Ha vinto Birdman, il film di Alejandro Inarritu che dopo aver aperto la Mostra del Cinema di Venezia ha anche portato a casa il più ambito premio cinematografico del mondo, facendo bottino pieno e ottenendo anche i premi per la regia, per la sceneggiatura originale e per la direzione della fotografia di Emanuele Lubezki, al secondo Oscar consecutivo dopo la vittoria con Gravity. Boyhood, il film diretto e seguito amorevolmente per più di una decade da Richard Linklater, è stato sconfitto su tutti i fronti, tranne quello dell’attrice non protagonista, Patricia Arquette, premiata per un bellissimo ruolo di madre. Ma forse, parere di chi scrive, è pronto per restare nella storia e nella memoria degli spettatori.

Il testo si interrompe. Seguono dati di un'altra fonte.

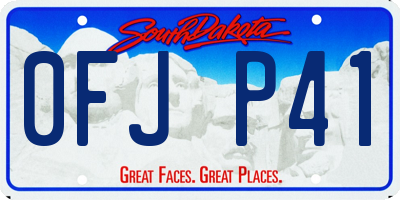 SD license plate 0FJP41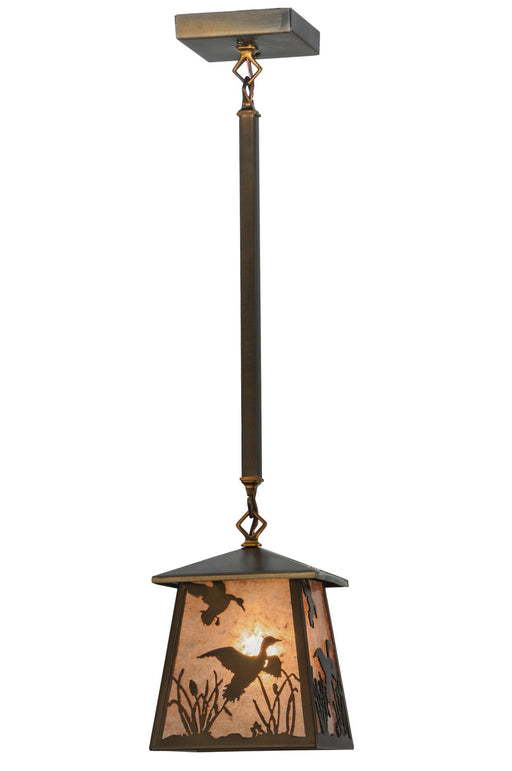 Meyda Tiffany - 115324 - One Light Pendant - Ducks In Flight - Antique Copper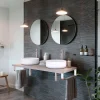 Plan De Travail Salle De Bains|T-Bath Plan de toilette 121x49x3 cm hydrofuge placage frêne naturel avec supports chromés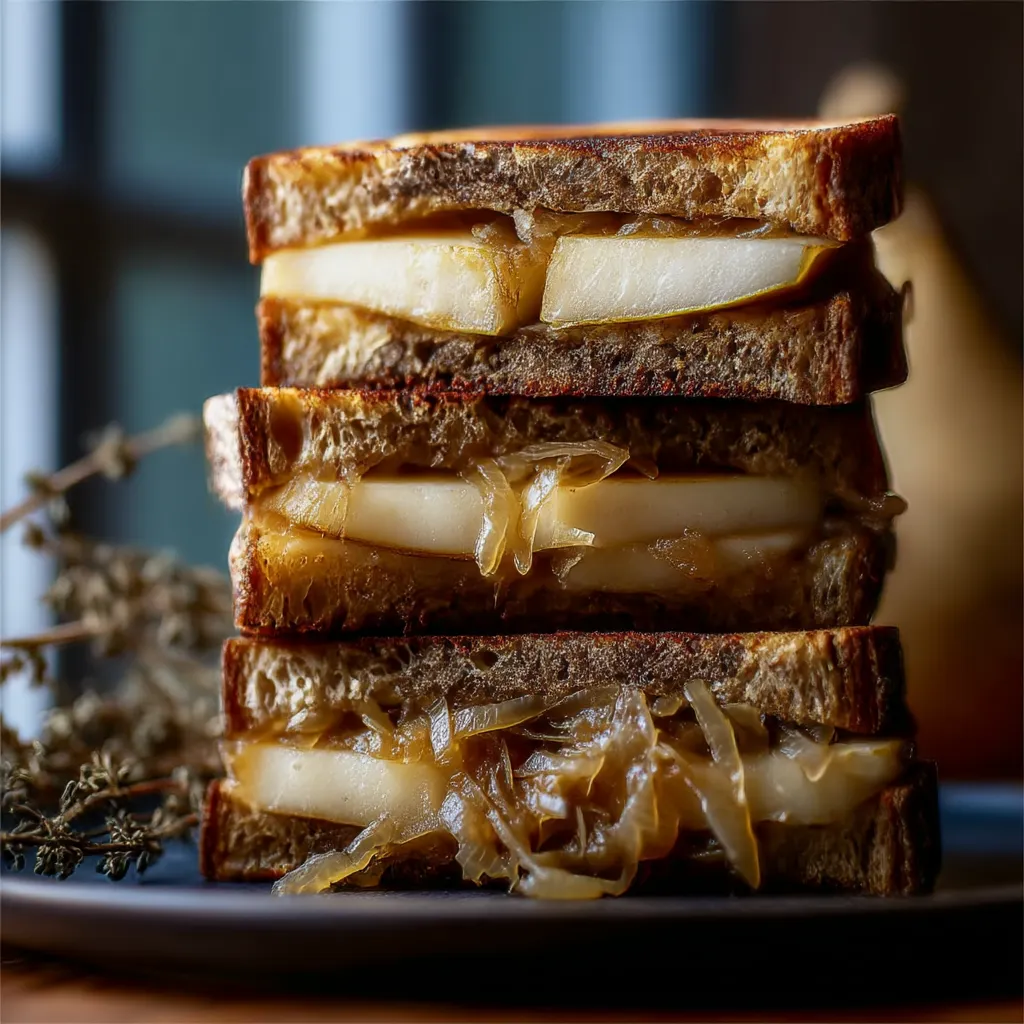Pear and Apple Grilled Cheese With Caramelized Onions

La serata è stata una tradizionalissima nottata di cerimonie, ed è stato parzialmente deluso chi si aspettava uno show più rutilante grazie alla presenza di una star di Broadway alla conduzione come Neil Patrick Harris, che se l’è ben cavata soprattutto nel numero iniziale e nella parodia di Birdman, ma non è riuscito a spezzare la monotonia della premiazione, sensazione confermata anche dalle non troppe sorprese in termini di premi: per esempio, i quattro attori premiati hanno rispettato alla perfezione le previsioni.

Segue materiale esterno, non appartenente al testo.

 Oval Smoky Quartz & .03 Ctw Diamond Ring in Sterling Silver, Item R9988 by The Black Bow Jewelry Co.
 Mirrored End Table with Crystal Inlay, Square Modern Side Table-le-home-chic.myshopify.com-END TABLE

Oltre ad Arquette, Eddie Redmayne protagonista per La teoria del tutto, Julianne Moore protagonista per Still Alice (finalmente premiata alla quinta nomination) e J. K. Simmons per Whiplash, film rivelazione della serata che ha vinto anche altri due premi, per il montaggio e il missaggio del suono. L’altro grande vincitore della serata è stato The Grand Budapest Hotel, il delizioso film di Wes Anderson che è stato la mina vagante di tutta la serata, portando a casa l’unico Oscar italiano dell’anno – a Milena Canonero per i costumi, quarta statuetta personale per lei -, oltre a quelli per trucco e hair-styling, scenografia e colonna sonora.
Nell’anno di biopic e delle storie vere, hanno trionfato i rari casi di storie inventate, di mondi creati dai registi e non ricreati, lasciando le briciole alle varie biografie, come a Selma, premiato per la canzone, o a The Imitation Game, Oscar per la sceneggiatura adattata, o ad American Sniper, premio al montaggio del sonoro.
Chiudono il palmares della nottata, Ida, film polacco vincitore del premio per il film straniero, Big Hero 6, miglior film animato dell’anno, e Interstellar, premiato per i superbi effetti speciali. Si chiude un’annata cinematograficamente più debole del solito, con uno spettacolo televisivo che ha saputo dare poco ritmo e verve: serberemo allora, come ricordo, la performance di Everything Is Awesome, canzone di The Lego Movie candidata, la cui interpretazione dal vivo è stata un tripudio di gioia fanciullesca nella serata dei frac inamidati.